Go through the data below and repeat it exactly, skipping each picture.
[Start of section]
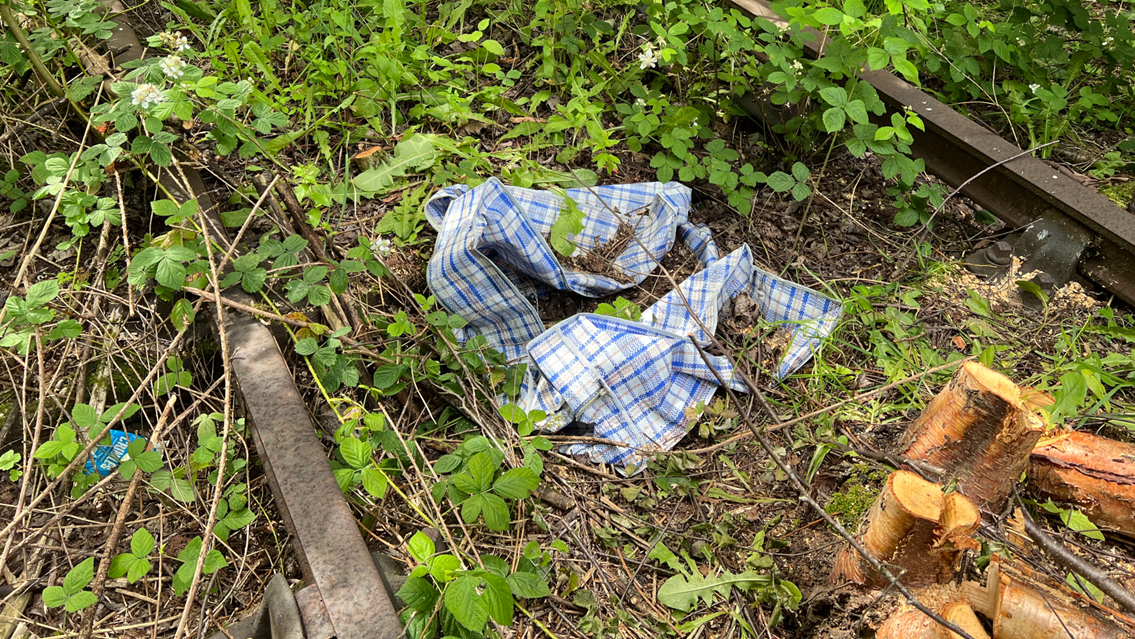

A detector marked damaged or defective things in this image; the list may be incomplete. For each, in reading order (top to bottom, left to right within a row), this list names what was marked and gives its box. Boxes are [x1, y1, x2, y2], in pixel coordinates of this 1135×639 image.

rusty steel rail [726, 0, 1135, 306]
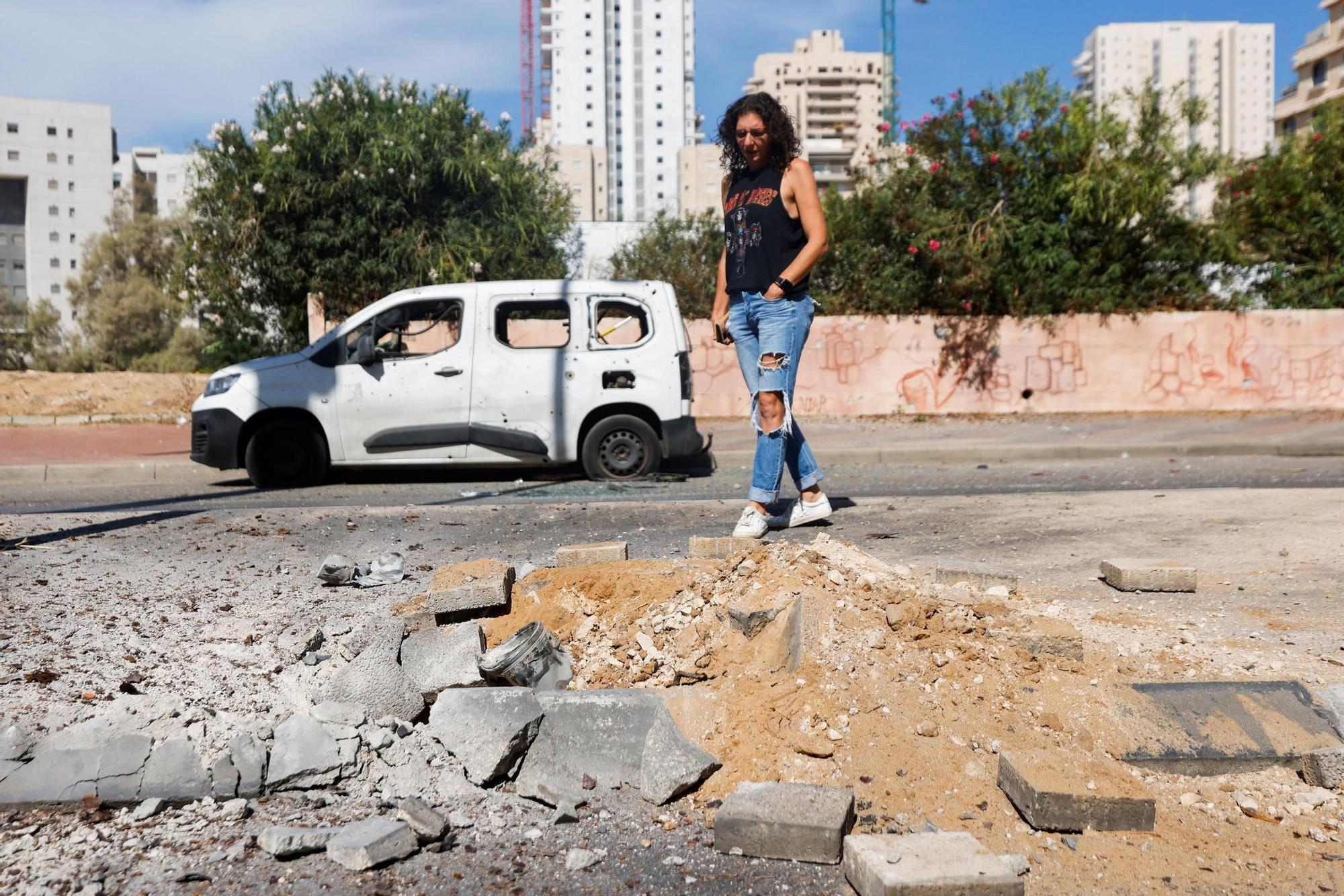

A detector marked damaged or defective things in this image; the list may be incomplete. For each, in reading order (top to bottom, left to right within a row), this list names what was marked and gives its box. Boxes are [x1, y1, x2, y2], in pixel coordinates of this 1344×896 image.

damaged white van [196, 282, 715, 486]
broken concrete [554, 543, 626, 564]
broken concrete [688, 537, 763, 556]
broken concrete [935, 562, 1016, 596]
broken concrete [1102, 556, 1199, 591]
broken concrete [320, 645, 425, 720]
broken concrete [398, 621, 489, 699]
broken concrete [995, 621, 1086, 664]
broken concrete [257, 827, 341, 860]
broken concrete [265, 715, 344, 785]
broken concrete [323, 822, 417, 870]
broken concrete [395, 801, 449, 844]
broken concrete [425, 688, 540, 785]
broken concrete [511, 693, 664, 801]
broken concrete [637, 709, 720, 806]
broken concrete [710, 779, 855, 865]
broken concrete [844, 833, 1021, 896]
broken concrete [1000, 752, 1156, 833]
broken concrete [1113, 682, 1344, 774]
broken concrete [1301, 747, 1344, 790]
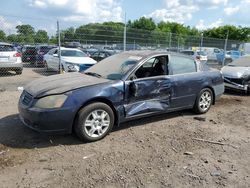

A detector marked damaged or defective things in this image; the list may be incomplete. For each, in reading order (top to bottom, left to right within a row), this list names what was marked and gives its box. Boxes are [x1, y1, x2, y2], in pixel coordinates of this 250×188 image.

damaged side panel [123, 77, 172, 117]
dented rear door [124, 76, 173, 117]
[End of section]
§ Response area:
A detector marked damaged or defective things in this image; the list may be incomplete. For each, in reading order (top to bottom, left to right within a row), this list names what was marked and gives its box. Boxes are [x1, y1, x2, y2], in pixel coordinates of this 1135×639 image.

rusty steel rail [726, 0, 1135, 306]

A detector marked damaged or defective things in this image; the list may be incomplete. For each, in reading order (top to bottom, left to right within a row), this list names what was marked and gives its box. Boxes are [x1, y1, x2, y2], in pixel coordinates of this 1344×896 image.

damaged white van [196, 282, 715, 486]
broken concrete [554, 543, 626, 564]
broken concrete [688, 537, 763, 556]
broken concrete [935, 562, 1016, 596]
broken concrete [1102, 556, 1199, 591]
broken concrete [320, 645, 425, 720]
broken concrete [398, 621, 489, 699]
broken concrete [995, 621, 1086, 664]
broken concrete [257, 827, 341, 860]
broken concrete [265, 715, 344, 785]
broken concrete [323, 822, 417, 870]
broken concrete [395, 801, 449, 844]
broken concrete [425, 688, 540, 785]
broken concrete [511, 693, 664, 801]
broken concrete [637, 709, 720, 806]
broken concrete [710, 779, 855, 865]
broken concrete [844, 833, 1021, 896]
broken concrete [1000, 752, 1156, 833]
broken concrete [1113, 682, 1344, 774]
broken concrete [1301, 747, 1344, 790]

A detector marked damaged or defective things in this image; the list may be incomplete. For each, in reading order (top to bottom, left to right within a row), this list names what was marked and gives its box. Boxes are [x1, y1, x2, y2], in pixel coordinates of this 250×188 image.

damaged side panel [123, 77, 172, 117]
dented rear door [124, 76, 173, 117]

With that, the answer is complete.